The M-26 fragmentation grenade disintegrated, unleashing an umbrella of cutting force through the legs of the snarled terrorists, carving through thighs, knees and shins with enough force to rip them from their owners’ bodies. Shrapnel sliced into vulnerable bellies, ripping open abdominal muscles and crushing intestines and lower spines. Bolan took the opportunity to slam a fresh magazine into the FAMAS and clean up the horrific mess caused by his grenade, firing head shots to end the suffering of those who still lived despite their brutal grenade-mauling.
“The Brotherhood’s in full retreat,” Encizo announced. “Ambush broken.”
“Watch yourselves,” Bolan warned. “The Brotherhood might not be too happy with you guys and take a parting shot.”
“They tried to get us before,” James stated. “They’d come up on the roof with us, but we put them back down.”

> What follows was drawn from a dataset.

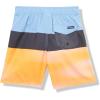 Quiksilver Boys Quiksilver Boy’s Everyday Panel 13 Boardshort Swim Trunk Youth(Prism Pink 241)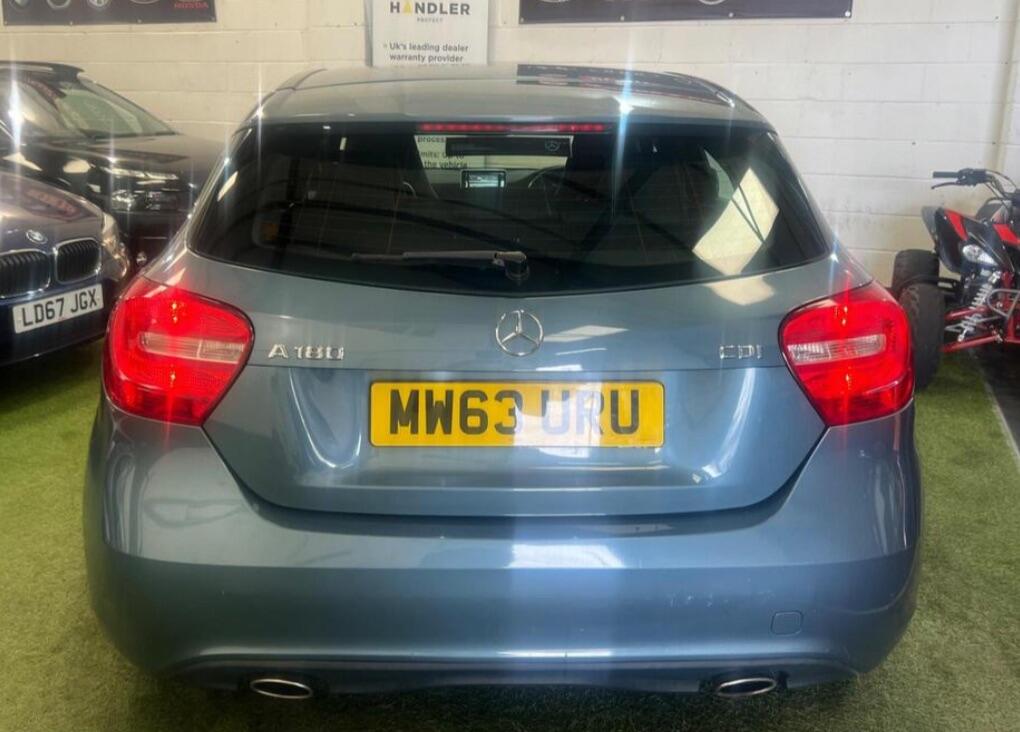 Used Mercedes-Benz A-Class 2014 for sale - 77718050: Photo 15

“Let the survivors run,” Bolan said. “The Brotherhood knows who they came after, that’s why we had nearly a hundred of them show up to fight. By now, they’ve learned their lesson, in spades.”
“The faster these creeps learn that they’re no longer the top of the food chain, the better,” James stated. “These screwheads need to be more scared.”
“Trust me, I’m getting through to some of them,” Bolan replied. “At least one of the Thunder Lions had a significant change of heart.”
“We had a convert up here, too,” James answered. “He won’t be walking too well, but he’s no longer interested in helping out violent insurgency anymore.”
“Wish the ratio of slaughtered to converted was the other way around,” Bolan said. “More good people are always welcome in the War Everlasting.”
“Better than none redeemed,” Encizo interjected.
Bolan returned to Aflaq’s office. The former militiaman looked up from his first-aid efforts on his nephew.